Even after years of investing heavily in local school board elections, the Broads have been unable to substantially alter the balance of pro- and anti-charter members on the board.
“You can imagine that there will be even more money put into the next school board campaign,” said board President Zimmer, who is up for re-election in 2017 and has vowed to fight the plan.
The draft proposal is also facing opposition from the teachers’ union, which was already protesting the plan when it was still only rumored last month.
But remaining are a host of other practical issues such as finding enough building space—a perennial problem for charters and the subject of voter referendums and court cases—and well-qualified teachers and school leaders, among other considerations.
“I would say anything is possible, but to do something well, ... the plan is moving very fast for that to happen in a thoughtful way,” said Patricia Burch, an associate professor at the University of Southern California’s school of education. She’s particularly concerned that students in special education or English-language learners will get left behind. “Charter schools have struggled to serve these very vulnerable populations, and so if they’ve struggled to do that, why in the heck would we want to scale up fast? ... These are just the risks as we try to bring the best aspects of this idea to scale.”

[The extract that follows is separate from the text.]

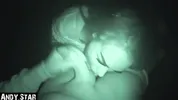 In the parking lot at night POV-BLOWJOB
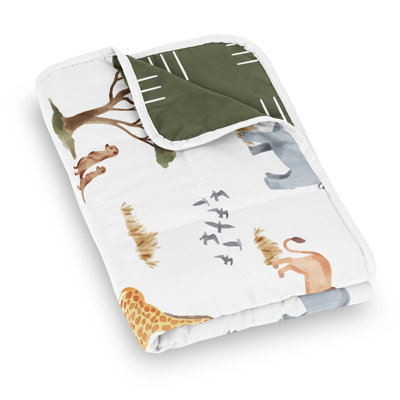 Jungle 100% Brushed Microfiber Kids Weighted Blanket by Sweet Jojo Designs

It’s also unclear how serious the Broad Foundation is.
In a statement, the foundation called the leaked memo a “preliminary discussion draft” and said only that “the foundation has begun working with others to explore ways to dramatically increase the number of high-quality public schools available to families.” The foundation would not comment directly for this story.
But if the Broad Foundation pulls it off, several advocates agree with its statement that the city could become a national model for charter school expansion.
Among them is Steve Barr, the founder of Green Dot Public Schools, a sizable charter-management organization based in California. It’s known both for the academic gains it makes with minority children in poverty and for having a unionized staff—a rarity in the charter sector.
“If you can pull off reversing achievement gaps up to the college level at that dramatic pace in a city this big, with this many challenges, that becomes a model,” said Barr, who serves as the chairman for the California chapter of Democrats for Education Reform. “If you can do it here, you can do it anywhere.”